In Sean Carrol book Something Deeply Hidden he talks about a problem where a robot has to collect trashes in a 2D grid.
However the Robot can only see the top, down, left and right grid around it, moreover he has a short memory, he forgets about the past state (stateless) every time he perform a action, that could be, move left, right, up, down or get the trash.
The question is, what is the best set of action mapped to state that would get the minimum amount of moves and collect all trashes in a random grid size on average?
This problem can be define in a state machine model where the robot can be in 162 different states.

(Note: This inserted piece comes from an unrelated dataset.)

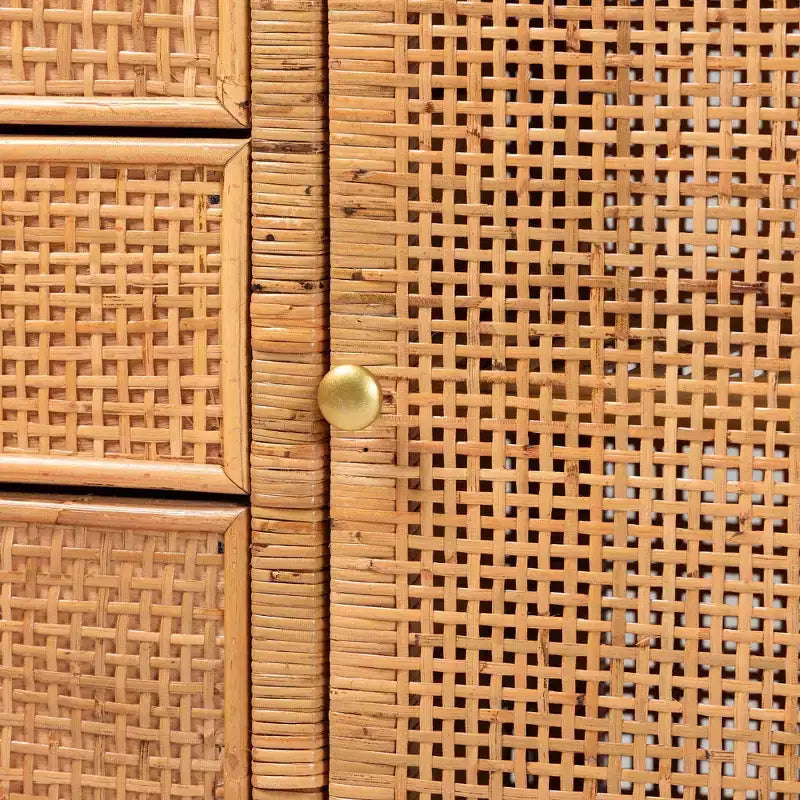 Cabinet de rangement bohème à 3 tiroirs en rotin et bois d'acajou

const SURROUND_GRID_POSITION = ['up, 'down', 'left', 'right', 'current'].length
const GRID = ['empty', 'wall', 'trash'].length
SURROUND_GRID_POSITION ** GRID === 162
However 25 are not possibles since is a 2D grid and some configuration, as been surround by wall are not possible.
An nothing better than React from dealing with states.
For generating a new 2D grid with size and trash chance per grid and return a tuple [grid: Grid[][], robotPos: number[]], and grid been a nested array with [pos: number[], hasTrash: boolean, hasRobot: boolean], so we can map inside React.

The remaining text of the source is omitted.